This document provides a high-level description of a UCTrust-based infrastructure to support user provisioning for inter-campus applications within the University of California. This infrastructure represents an extension to the existing Shibboleth-based UCTrust infrastructure to address use cases, such as those described in User Provisioning Use Cases.

For the purposes of this document, user provisioning is defined to be the processes, both human and automated, that authorize (and de-authorize) people to use application systems, when those processes occur at times other than the start of an online session.  This is distinguished from application systems that use a "pure" single sign-on infrastructure (e.g., Shibboleth), authorizing anyone with a defined set of attributes that are provided at the start of a session.

The infrastructure described in this document will support the exchange of identity information from campus Identity and Access Management (IAM) systems to application systems, not the entire set of provisioning processes.  The Roles and Responsibilities section below describes where those other provisioning processes should be implemented.

While UCTrust is the first intercampus use of middleware in the University of California, this project is UC's first use of middleware as an application development paradigm. The infrastructure described is specific to the exchange of identity information for user provisioning. It does, however, embody many aspects of a more general-purpose infrastructure for data interchange among arbitrary systems that should be useful in the future.
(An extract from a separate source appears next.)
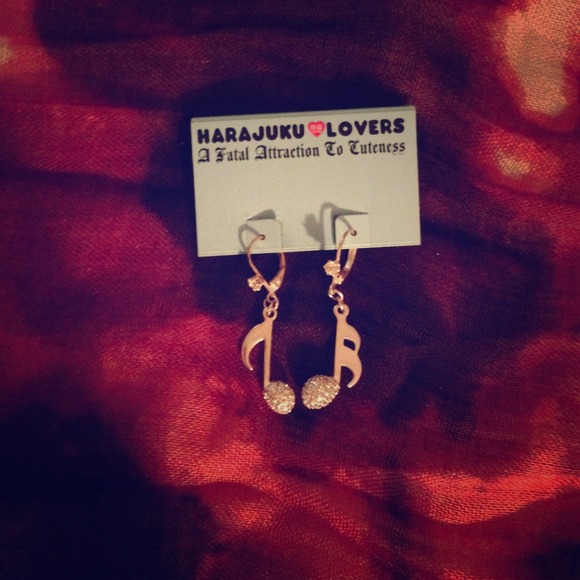Harajuku lovers musical earrings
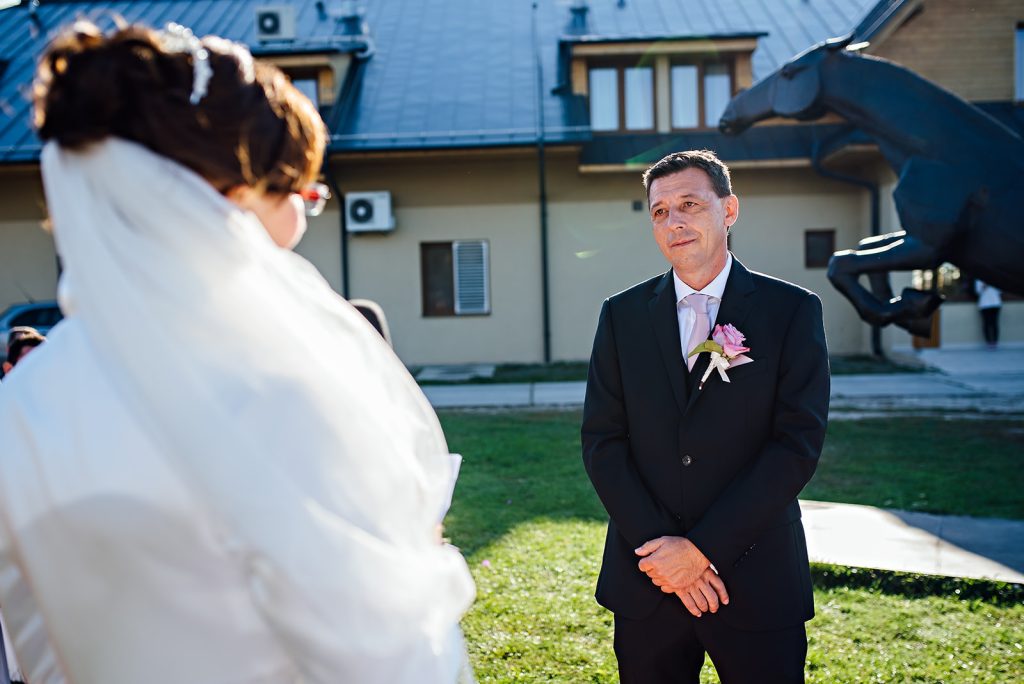 Svadobne fotky kostol radnica bublifuk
UP HLD  (copied above) can be leveraged after confirmed and updated to reflect additional discovery and detail.
This section is to provide a general description of the software system including its functionality and matters related to the overall system and its design (perhaps including a discussion of the basic design approach).

Principles and Assumptions

  • Campus identity and access management systems and the organizations that operate them are authoritative for information about the members of their respective communities. The same campus organization that currently operates Shibboleth IdP (Identity Provider) will be the organization that operates the infrastructure described in this document.
  • (Note that much of the IAM's information will likely be aggregated from other systems of record on the campus.; Nevertheless, UCTrust designates the IAM as the authoritative contact for its campus.)
  • This framework provides a common mechanism for application systems to obtain identity information from campus IAM systems. Merging the results from multiple IAM systems, however, is left to the application.
  • The existing UCTrust agreements, policies, processes, and technology should be leveraged as much as possible. All participating campuses have implemented UCTrust and are operating a recent version of Shibboleth IdP that supports SAML2 (v2.1 or higher).
  • Campus IdMS system is capable of capturing changes to identity records. IdMS provides hooks so that provisioning adaptor can retrieve the data.
  • The design and implementation must make effective use of University resources. Where possible implementations should be shared and/or reused. Deployment plans should accommodate differing priorities and schedules at different campuses, allowing for inter-campus collaboration and partial implementations at each campus until the entire infrastructure is deployed.
  • This effective use of University resources extends beyond this project, in particular by being the first UC-wide deployment of common middleware that can be used by other projects in the future

HLD Principles and assumptions (copied above) can be leveraged after confirmed and updated to reflect additional discovery and detail.
Describe any principles and assumptions regarding the software and its use. These may concern such issues as:

  • Related software or hardware
  • Operating systems
  • End-user characteristics
  • Possible and/or probable changes in functionality

General Constraints

Describe any global limitations or constraints that have a significant impact on the design of the system's software (and describe the associated impact). Such constraints may be imposed by any of the following (the list is not exhaustive):

  • The existing UCTrust agreements, policies, processes, and technology should be leveraged as much as possible 
  • Use standard network protocols and formats
  • The user provisioning functions supported in this design scope:
    • Snapshot
    • Subscription
    • ChangeLog
  • Hardware or software environment
  • End-user environment
  • Availability or volatility of resources
  • Standards compliance
  • Interoperability requirements
  • Interface/protocol requirements
  • Data repository and distribution requirements
  • Security requirements (or other such regulations)
  • Memory and other capacity limitations
  • Performance requirements
  • Network communications
  • Verification and validation requirements (testing)

Out of Scope

Identity Matching is out of scope for this project and is left to Service Providers to resolve. Please add why.
Anything else out of scope? If so, why?

  • When identity information for one user appears in multiple IAM data sets, SPs may opt to unify the identity information using an identity merge process. Currently, there is no universal way to determine if two identity records strongly match, indicating the two records should be merged.

Development Method

Briefly describe the method or approach used for this software design. If one or more formal/published methods were adopted or adapted, then include a reference to a more detailed description of these methods. If several methods were seriously considered, then each such method should be mentioned, along with a brief explanation of why all or part of it was used or not used.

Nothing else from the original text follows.